August 24, 2012
Petrobras to Triple Production of Nitrogen Fertilizers in Brazil
The recent delays in unloading fertilizers at the Port of Paranagua illustrates Brazil's dependence on foreign sources of fertilizers for its booming agricultural sector. The federal government launched a program several years ago with the goal of becoming self-sufficient in fertilizer production by the year 2020 and Petrobras is one of the main companies involved in this effort.
In order to help reach that goal, Petrobras has launched an ambitious program to greatly expand its nitrogen production capabilities. According to Jose Alcides Santoro, the director of gas and energy at the company, Petrobras will more than triple its production of nitrogen fertilizers with the opening of two new plants that are under construction. Currently the company produces 1.1 million tons of nitrogen fertilizers per year and that is expected to increase to more than 3 million tons when the two new plants come online. By the year 2016, they hope to be producing 70% of Brazil's nitrogen fertilizer needs.
When Petrobras's plant at Tres Lagoas in the state of Mato Grosso do Sul, is fully functional in late 2014, it will be the largest nitrogen fertilizer production facility in Latin America producing 1.2 million tons of urea and 70,000 tons of ammonia per year. This would double the production of urea in Brazil which currently imports 59% of the urea consumed in the country.
A second plant being built by Petrobras is located at Laranjeiras in the state of Sergipe in northeastern Brazil. This facility is expected to come online early in 2013 and produce 303 thousand tons of ammonia sulfate per year. By the year 2016, Petrobras hopes to be producing more than 800 thousand tons of ammonia sulfate per year, which would make Brazil self-sufficient in this fertilizer.
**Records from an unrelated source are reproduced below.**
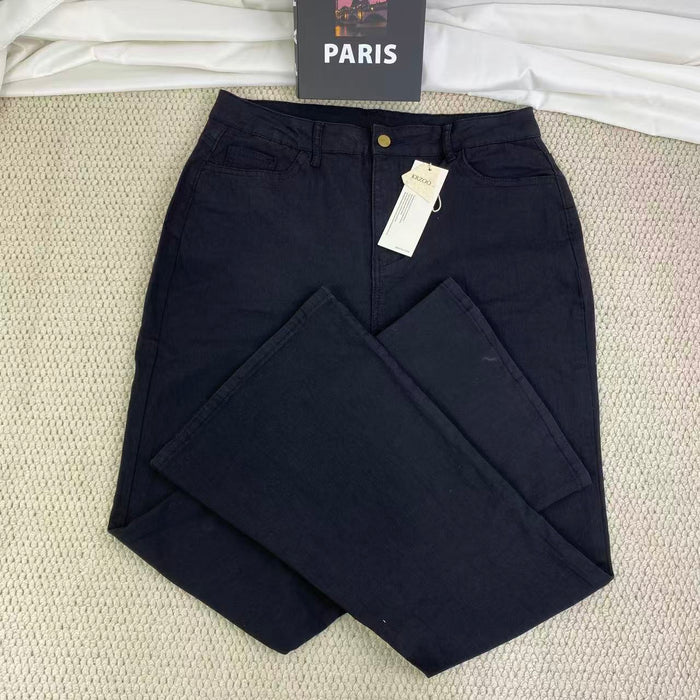Slim straight-leg jeans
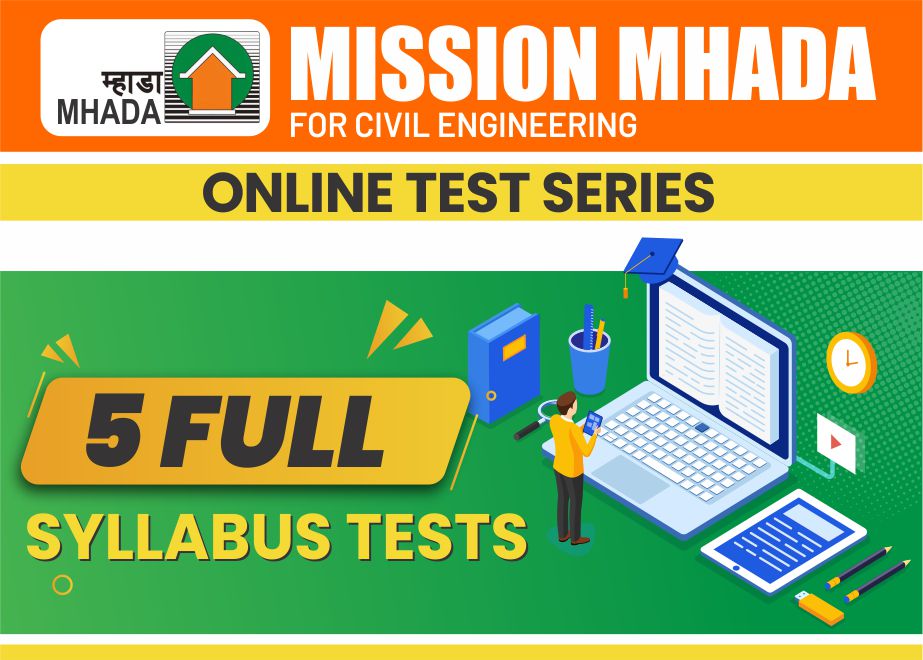 MHADA ONLINE TEST SERIES For Civil Engineering (5 Full Syllabus Test)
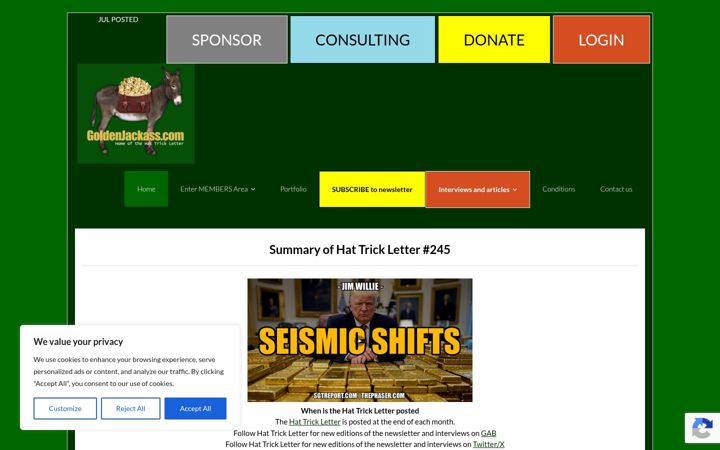 Screenshot of golden-jackass.com
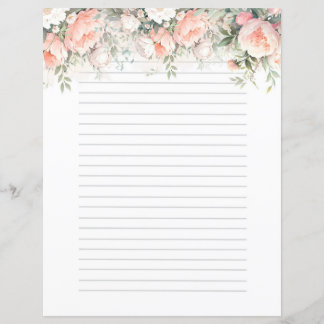 Lámina Hermosos Rosas Delicados Rosa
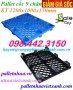 Pallet cốc 9 chân KT 1200x1000x140mm xanh dương - đen giá rẻ call 0984423150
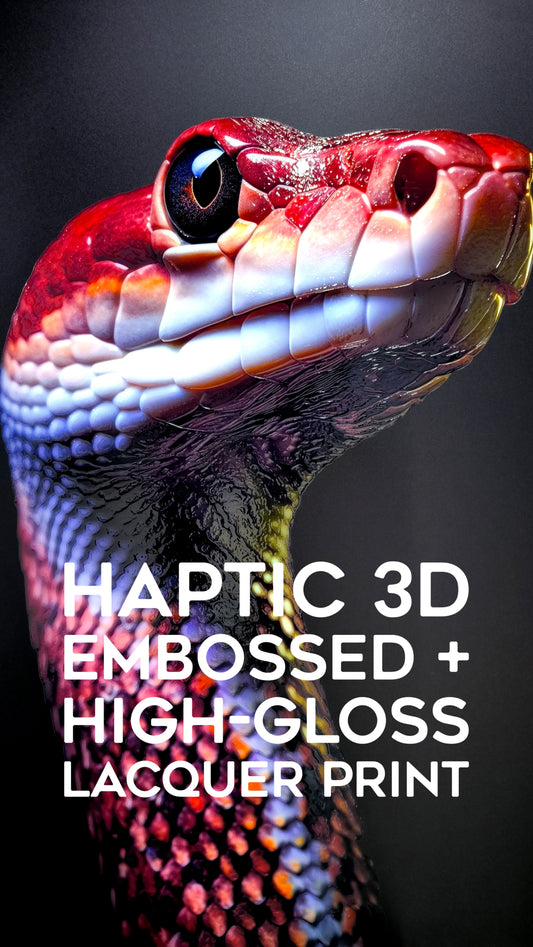 Dark Symbiote Noir — Haptic 3D Embossed + High-Gloss Lacquer Print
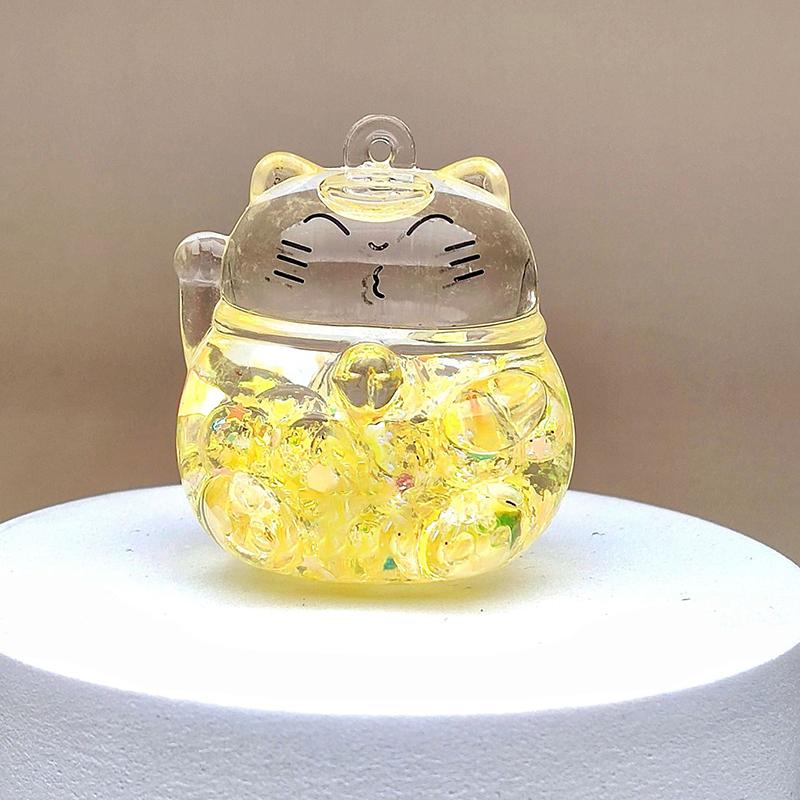 1Pcs Mini Resin Cartoon Cat Miniature Figures 3D Luminous Little Ornament Micro Landscape Diy Dollhouse Garden Decoration Craft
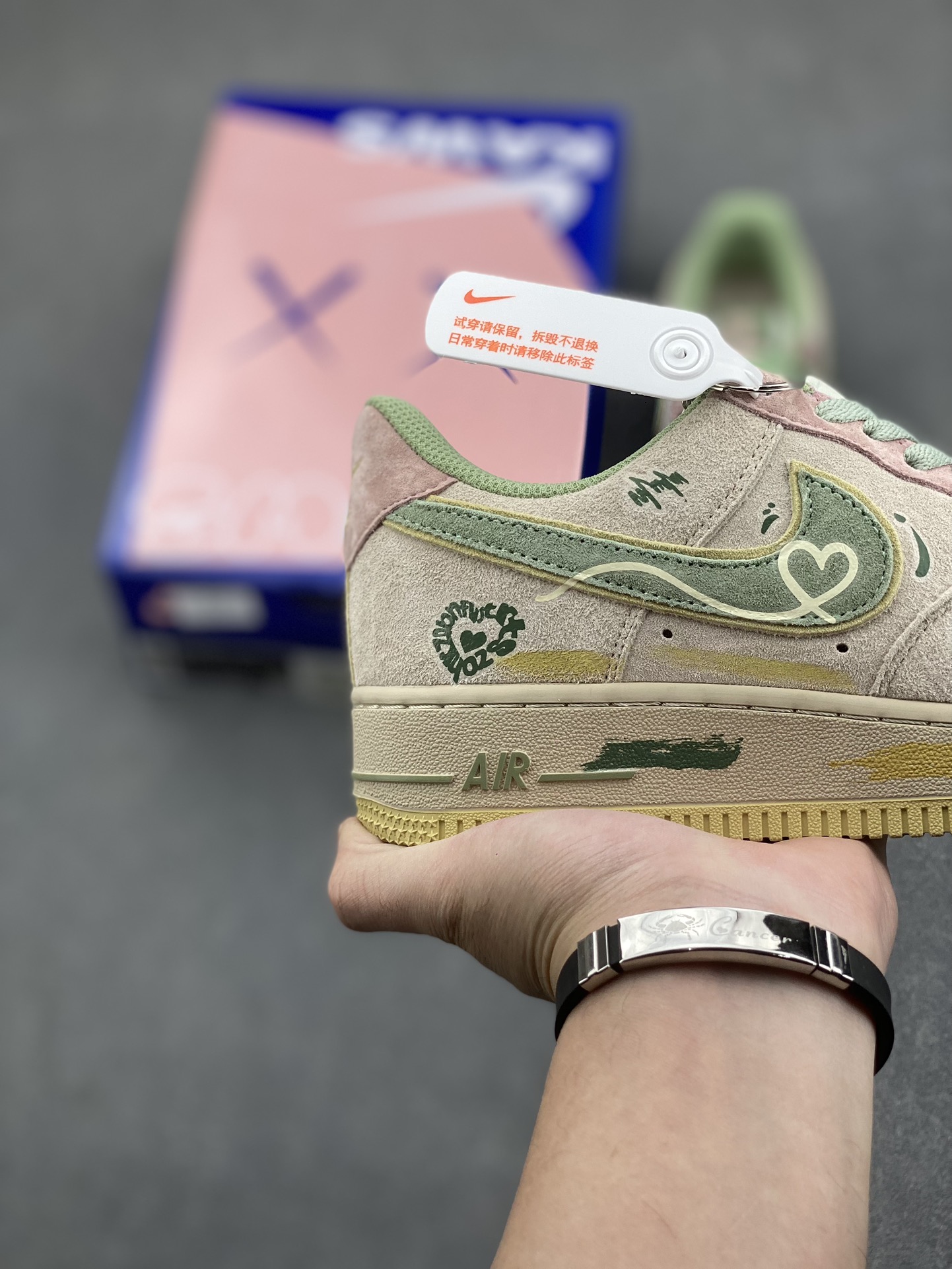 Nike Air Force 1 Low 'Peach Trees' Custom Sneakers - Limited Edition 6 i1733772353 5939 1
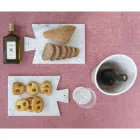 Sottobicchieri moderni in Marmo Colorato Made in Italy, 2 Pezzi - Nessa Viadurini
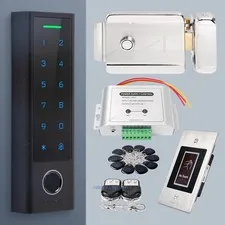 HOMSECUR IP66 APP WIFI RFID Access Control Set Electric rim lock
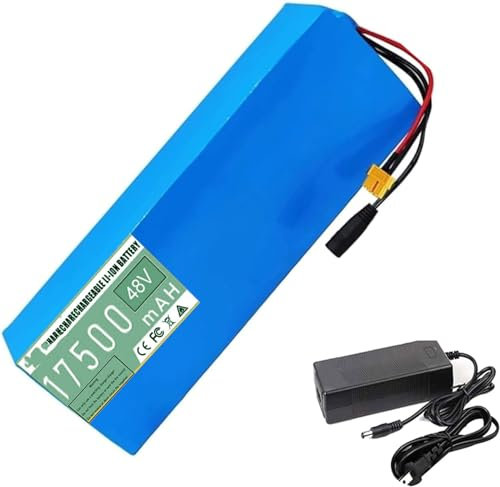 SHANRROW Electric Battery 60V 12Ah 15Ah 20Ah 25Ah 30A Electric Bike Lithium Ion Battery 60V Bicycle Scooter Battery With Charger for 200-2000W Electric Bicycles Motor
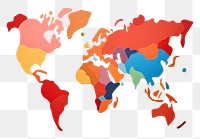 PNG World map topography creativity. AI generated Image by rawpixel.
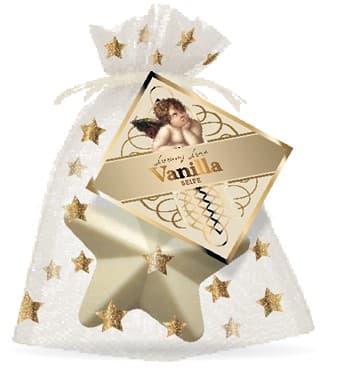 WONDERNICE Sternseife im bedruckten Organzasäckchen Geschenkpackung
Brazil is already one of the leading agricultural producing countries in the world, but the lack of infrastructure development and its reliance on imported fertilizers makes it one of the more expensive countries to grow agricultural commodities. Becoming self-sufficient in nitrogen fertilizer would help to bring down the cost of production in Brazil making their commodities more competitive in world markets.